Loop-induced dark matter direct detection signals from gamma-ray lines
Mads T. Frandsen, Ulrich Haisch, Felix Kahlhoefer, Philipp Mertsch,, Kai Schmidt-Hoberg

TL;DR
This paper investigates how dark matter annihilation into gamma-ray lines can induce signals in direct detection experiments, revealing unique recoil spectra and comparing sensitivities for different annihilation types.
Contribution
It provides a model-independent analysis of the direct detection cross section from gamma-ray line signals, highlighting non-standard recoil spectra and the potential for future experimental constraints.
Findings
Current direct detection sensitivity is insufficient for s-wave annihilation.
For p-wave annihilation, direct detection constraints are comparable to indirect searches.

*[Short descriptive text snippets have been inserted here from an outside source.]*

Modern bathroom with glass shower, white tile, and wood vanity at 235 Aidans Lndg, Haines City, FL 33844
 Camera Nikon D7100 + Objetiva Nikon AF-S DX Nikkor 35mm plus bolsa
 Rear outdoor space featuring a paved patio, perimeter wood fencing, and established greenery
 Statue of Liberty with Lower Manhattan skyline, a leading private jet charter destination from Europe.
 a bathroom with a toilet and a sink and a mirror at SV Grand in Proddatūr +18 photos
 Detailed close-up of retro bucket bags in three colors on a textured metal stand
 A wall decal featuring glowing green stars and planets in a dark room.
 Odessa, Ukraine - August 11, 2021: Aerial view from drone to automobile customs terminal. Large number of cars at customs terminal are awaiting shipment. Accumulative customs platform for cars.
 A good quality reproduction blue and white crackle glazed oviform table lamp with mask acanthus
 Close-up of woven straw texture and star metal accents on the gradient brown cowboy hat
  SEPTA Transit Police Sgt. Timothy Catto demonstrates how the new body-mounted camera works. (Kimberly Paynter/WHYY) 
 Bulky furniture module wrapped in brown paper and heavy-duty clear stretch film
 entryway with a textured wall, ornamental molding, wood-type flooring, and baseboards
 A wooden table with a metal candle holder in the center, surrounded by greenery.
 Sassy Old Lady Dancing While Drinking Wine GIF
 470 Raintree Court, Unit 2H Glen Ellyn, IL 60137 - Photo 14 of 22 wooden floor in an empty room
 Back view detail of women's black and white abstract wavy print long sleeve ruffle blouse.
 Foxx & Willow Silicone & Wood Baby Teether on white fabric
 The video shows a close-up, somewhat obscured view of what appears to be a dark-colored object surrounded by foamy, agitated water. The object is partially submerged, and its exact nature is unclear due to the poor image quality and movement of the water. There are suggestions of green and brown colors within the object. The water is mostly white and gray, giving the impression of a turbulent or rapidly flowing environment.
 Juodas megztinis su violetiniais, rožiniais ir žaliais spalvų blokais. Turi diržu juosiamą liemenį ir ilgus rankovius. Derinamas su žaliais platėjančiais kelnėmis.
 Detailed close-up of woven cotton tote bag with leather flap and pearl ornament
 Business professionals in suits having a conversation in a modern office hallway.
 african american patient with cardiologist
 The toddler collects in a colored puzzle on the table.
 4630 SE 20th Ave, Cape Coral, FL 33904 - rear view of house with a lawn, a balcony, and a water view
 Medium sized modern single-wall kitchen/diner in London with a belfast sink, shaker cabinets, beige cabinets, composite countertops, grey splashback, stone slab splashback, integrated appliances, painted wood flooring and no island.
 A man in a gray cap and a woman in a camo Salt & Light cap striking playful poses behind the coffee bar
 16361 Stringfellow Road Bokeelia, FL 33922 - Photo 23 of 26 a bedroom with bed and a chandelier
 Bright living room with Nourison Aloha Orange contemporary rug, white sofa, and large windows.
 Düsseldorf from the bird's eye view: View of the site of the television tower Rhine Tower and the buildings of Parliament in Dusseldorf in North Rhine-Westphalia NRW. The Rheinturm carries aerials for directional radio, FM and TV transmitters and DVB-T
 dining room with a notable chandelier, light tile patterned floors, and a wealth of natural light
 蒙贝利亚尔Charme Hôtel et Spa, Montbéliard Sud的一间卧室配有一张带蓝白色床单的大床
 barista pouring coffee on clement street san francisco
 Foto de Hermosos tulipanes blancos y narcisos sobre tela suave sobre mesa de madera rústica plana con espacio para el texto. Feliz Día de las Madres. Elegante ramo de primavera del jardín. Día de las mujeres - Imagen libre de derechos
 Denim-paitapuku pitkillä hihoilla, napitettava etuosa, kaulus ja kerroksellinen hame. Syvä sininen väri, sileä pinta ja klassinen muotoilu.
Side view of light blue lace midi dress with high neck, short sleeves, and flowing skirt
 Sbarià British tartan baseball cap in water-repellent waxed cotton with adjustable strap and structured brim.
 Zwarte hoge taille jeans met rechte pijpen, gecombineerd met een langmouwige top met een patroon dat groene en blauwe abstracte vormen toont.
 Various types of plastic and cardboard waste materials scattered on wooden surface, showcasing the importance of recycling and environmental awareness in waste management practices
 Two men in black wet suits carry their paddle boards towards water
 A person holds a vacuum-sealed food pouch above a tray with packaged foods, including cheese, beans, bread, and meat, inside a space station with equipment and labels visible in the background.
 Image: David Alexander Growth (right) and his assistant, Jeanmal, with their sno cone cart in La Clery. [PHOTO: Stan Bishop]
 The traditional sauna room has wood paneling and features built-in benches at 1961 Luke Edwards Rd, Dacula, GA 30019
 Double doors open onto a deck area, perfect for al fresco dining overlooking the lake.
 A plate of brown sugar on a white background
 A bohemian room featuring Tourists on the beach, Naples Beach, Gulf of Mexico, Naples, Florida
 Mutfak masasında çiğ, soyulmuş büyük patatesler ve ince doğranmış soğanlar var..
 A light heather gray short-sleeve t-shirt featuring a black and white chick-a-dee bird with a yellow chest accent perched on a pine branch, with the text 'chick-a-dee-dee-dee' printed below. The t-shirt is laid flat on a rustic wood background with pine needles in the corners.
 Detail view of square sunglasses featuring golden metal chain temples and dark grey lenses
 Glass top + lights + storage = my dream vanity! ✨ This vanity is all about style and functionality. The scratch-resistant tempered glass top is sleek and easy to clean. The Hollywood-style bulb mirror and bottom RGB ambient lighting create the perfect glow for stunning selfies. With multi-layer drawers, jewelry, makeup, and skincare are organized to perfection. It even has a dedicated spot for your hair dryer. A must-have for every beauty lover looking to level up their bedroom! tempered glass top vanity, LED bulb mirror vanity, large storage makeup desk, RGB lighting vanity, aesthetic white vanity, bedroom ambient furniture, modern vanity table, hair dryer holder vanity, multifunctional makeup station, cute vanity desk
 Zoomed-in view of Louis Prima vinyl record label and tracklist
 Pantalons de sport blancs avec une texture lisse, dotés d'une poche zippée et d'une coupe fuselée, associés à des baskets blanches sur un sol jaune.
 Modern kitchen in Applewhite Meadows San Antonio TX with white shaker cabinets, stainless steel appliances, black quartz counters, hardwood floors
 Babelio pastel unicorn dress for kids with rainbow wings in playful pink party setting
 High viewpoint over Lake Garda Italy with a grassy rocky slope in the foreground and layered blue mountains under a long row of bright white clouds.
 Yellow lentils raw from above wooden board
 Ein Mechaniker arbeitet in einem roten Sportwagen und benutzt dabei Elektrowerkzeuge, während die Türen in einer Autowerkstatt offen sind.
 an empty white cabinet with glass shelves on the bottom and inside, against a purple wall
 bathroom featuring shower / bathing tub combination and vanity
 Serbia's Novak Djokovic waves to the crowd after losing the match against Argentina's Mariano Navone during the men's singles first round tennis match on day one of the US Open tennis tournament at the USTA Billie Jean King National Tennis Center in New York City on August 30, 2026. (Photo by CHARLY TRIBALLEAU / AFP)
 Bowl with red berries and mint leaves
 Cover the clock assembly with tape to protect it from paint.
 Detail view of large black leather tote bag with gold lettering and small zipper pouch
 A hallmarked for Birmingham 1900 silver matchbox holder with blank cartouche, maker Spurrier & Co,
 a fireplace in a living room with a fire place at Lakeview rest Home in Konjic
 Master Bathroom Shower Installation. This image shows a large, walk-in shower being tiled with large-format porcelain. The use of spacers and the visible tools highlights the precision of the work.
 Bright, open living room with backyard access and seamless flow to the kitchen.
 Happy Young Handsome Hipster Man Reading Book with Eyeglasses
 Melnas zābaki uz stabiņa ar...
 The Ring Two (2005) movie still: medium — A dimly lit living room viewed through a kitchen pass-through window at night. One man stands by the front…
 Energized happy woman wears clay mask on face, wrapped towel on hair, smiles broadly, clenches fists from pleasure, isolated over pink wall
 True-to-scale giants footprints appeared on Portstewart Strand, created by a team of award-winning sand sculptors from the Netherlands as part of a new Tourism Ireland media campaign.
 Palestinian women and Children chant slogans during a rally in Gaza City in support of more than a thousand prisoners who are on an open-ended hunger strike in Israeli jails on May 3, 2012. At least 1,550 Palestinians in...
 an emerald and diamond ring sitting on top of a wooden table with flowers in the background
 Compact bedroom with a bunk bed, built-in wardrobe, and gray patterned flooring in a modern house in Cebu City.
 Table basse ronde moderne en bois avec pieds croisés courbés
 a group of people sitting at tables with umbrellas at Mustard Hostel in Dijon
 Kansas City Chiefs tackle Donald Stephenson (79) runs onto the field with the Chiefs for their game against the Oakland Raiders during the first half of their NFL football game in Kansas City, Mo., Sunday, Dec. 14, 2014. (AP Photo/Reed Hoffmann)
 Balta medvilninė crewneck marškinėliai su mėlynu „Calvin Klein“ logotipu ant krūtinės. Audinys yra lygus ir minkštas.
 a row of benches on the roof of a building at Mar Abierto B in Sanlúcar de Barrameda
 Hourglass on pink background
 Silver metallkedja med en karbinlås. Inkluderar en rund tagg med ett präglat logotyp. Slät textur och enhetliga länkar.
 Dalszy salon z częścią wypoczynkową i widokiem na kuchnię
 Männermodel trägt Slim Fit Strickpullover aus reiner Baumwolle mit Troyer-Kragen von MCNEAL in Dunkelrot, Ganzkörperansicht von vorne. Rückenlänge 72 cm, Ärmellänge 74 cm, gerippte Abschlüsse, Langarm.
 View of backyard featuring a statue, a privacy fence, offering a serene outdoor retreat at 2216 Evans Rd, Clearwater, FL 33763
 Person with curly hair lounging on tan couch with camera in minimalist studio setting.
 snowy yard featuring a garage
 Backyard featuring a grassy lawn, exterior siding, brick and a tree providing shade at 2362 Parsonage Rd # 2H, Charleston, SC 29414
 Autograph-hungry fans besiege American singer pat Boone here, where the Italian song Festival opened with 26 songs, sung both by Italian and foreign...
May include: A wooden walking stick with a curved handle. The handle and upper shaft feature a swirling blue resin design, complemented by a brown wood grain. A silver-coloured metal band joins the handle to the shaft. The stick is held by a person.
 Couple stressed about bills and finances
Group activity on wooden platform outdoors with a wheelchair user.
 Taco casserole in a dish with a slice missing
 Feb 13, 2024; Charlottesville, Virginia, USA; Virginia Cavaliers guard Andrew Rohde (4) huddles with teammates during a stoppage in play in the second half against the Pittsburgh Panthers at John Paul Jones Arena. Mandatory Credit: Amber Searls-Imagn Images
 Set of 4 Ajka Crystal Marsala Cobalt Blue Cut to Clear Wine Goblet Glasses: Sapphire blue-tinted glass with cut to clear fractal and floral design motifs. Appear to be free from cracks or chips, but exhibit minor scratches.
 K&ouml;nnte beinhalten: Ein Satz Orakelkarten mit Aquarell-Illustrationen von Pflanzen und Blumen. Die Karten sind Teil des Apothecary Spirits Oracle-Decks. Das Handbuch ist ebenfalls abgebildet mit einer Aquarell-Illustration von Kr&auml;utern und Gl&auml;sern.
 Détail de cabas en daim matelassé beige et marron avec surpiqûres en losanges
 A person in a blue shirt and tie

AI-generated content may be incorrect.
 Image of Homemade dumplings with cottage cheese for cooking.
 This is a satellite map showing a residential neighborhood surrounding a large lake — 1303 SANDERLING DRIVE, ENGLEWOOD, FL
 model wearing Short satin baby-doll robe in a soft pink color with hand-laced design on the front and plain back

Next-generation experiments can test p-wave dark matter scenarios with large di-photon cross sections.
Abstract
Improved limits as well as tentative claims for dark matter annihilation into gamma-ray lines have been presented recently. We study the direct detection cross section induced from dark matter annihilation into two photons in a model-independent fashion, assuming no additional couplings between dark matter and nuclei. We find a striking non-standard recoil spectrum due to different destructively interfering contributions to the dark matter nucleus scattering cross section. While in the case of s-wave annihilation the current sensitivity of direct detection experiments is insufficient to compete with indirect detection searches, for p-wave annihilation the constraints from direct searches are comparable. This will allow to test dark matter scenarios with p-wave annihilation that predict a large di-photon annihilation cross section in the next generation of experiments.